"Chit Chat" is an occasional posting in which I simply give you a word, or short phrase, and you then just waffle on about the subject in any way you see fit.

If the number of comments on any one Chit Chat post gets to fifty, all those who have commented will receive 500 days off purgatory. Should the comments ever reach one hundred I will grant all the participants a general plenary. Now, you don't get offers like that on Facebook!

Your phrase this week is:


Where you take it is completely up to you.


CHIT CHAT (14) — 14 Comments

  1. Customers who don’t take their iPod earphones out of their ears whilst they are being served or even worse customers who talk on their mobiles whilst they are being served.

  2. Even worse, friends who take all calls during a meal in any restaurant without leaving the room, or get up and leave the room when one is in mid-sentence, thereby leaving a conversation hanging in mid-air!

    I once told my niece, in front of her parents, to turn off her phone during a meal in the best restaurant in town to which I had invited them all, on my tab!!

  3. And quite right, Susie Sue. The young lady was extremely lucky that she didn’t get strangled. A less Christian aunty would have viewed such action as the first option.

  4. A particular annoyance at this point in my life.

    People talking behind your back about “problems” that they have never brought up to your face.

    I’m not perfect and while my ego does get dented when I’m corrected I’d still rather have folks TRY to help me get better.

    I mean we’re all adults and this IS the church.

    I’m such an idealist.



  5. Well, MP, my sister would argue with you about the Christian part. They are all Baptists of the Southern variety, and my being an Episcopalian and all makes me a heathen. I’m sure they thought I was criticizing their parenting skills(which I was), but I wasn’t about to sit there while she was texting away as I was actually addressing her. I think a lot of parents ignore their children when they get to be teenagers, but if they don’t engage them, how are they going to ever be socialized? That’s also why I don’t like church tailored for only teens going on in another room while the main service is happening in the ‘sanctuary.’ Oh, I could go on and on and on, but my phone is ringing, so I have to go!

  6. I meant “Christian” in its English sense – good mannered and with an inherent knowledge of how to behave in public 🙂

  7. I’m not really sure if I should touch this one with a ten foot cattle prod, esp. given the high jinks some people got up to this past weekend at the Jefferson Memorial up in Washington DC, which led to a huge argument, on Facebook, between me and another UU, who has told me that because I expect people to behave with a modicum of dignity and respect when visitin a memorial (not dancing, which is prohibited in the Jefferson Memorial anyway), I am the Heathen equivalent of the Westboro Baptist protestors.

    And this, just because I expect people to have some manners at a public national memorial – and he can’t comprehend that.

    Said former friend has now told me never to speak to him again, so I’ve lost a friend over this very topic.

    Naturally, I ranted my ass off about it on my blog, I’ve named names, and I’m tempted to post the screenshots and to nine flaming hells with these self-centered, sanctimonious, “it’s all about me” idiots.

  8. I agree with what you said on Facebook, Tracie. The Jefferson Memorial is a shrine.

    I’ll say it over there, too, when I get a chance. (I have a class to teach shortly…)

  9. Here’s one that really annoys me: men (and boys, for that matter) who insist on wearing those baseball caps indoors. (Like in my office.) And they look genuinely surprised when I ask them to take the caps off.

  10. I, in my own humble fashion, did announce May 31 as the Mapriest Neighbourhood Day over at Off-Topic.
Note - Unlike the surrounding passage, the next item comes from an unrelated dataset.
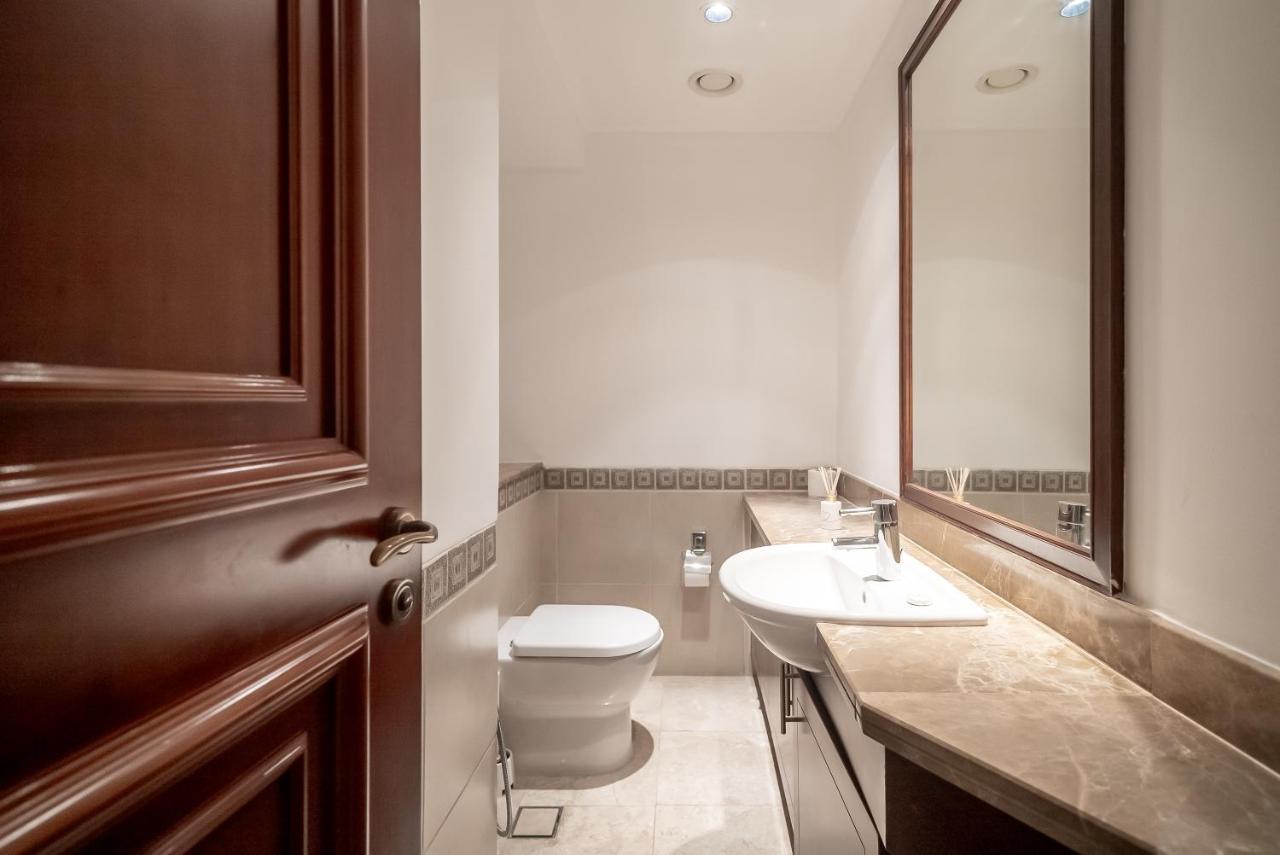 Stylish Urban Retreat 1br Gem Fairmont - 90ab2 * Dubai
Please visit before it turns June 1.

  11. Any social situation except a clinic, involving clinical (usually crudely clinical!) descriptions of sexual acts.
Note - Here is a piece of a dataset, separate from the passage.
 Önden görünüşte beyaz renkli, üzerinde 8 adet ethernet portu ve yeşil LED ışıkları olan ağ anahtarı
    I’ve been at diocesan discussion of sexuality, and an ordination, wherein such description was given into a microphone (famously, it also occurred at +Gene Robinson’s episcopal ordination). While such, um, “describers” only seem to (get off by) offering it re anal sex, I rather think that ALL clinical descriptions of sex are pretty disgusting. Being clinical about it isn’t the point! {*}

    {*} Unless you’re Playing Doctor. 😉

  12. My current peeve involves those who allow their child to behave abominably any where (concerts, church, restaurants, movie theaters, the mall, etc.) and who then get all ticked off when someone else steps in to get the child to cease and desist (usually with a death threat involved…)

    I really AM becoming an old fart – my patience weareth ever thinner by the day.

  13. Fluffykins: that’s easy to deal with.

    Just walk up to the parents of said uncontrolled children and hand them a condom.